Task instructions: Give the whole listing again, exactly as written.

Data segment:
────────
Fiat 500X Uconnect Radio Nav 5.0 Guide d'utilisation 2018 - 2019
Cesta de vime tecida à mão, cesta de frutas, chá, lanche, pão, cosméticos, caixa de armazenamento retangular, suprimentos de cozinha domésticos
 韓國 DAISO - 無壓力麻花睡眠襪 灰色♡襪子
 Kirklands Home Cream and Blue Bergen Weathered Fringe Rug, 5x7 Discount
────────
Task output:
Fiat 500X Uconnect Radio Nav 5.0 Guide d'utilisation 2018 - 2019
Cesta de vime tecida à mão, cesta de frutas, chá, lanche, pão, cosméticos, caixa de armazenamento retangular, suprimentos de cozinha domésticos
 韓國 DAISO - 無壓力麻花睡眠襪 灰色♡襪子
 Kirklands Home Cream and Blue Bergen Weathered Fringe Rug, 5x7 Discount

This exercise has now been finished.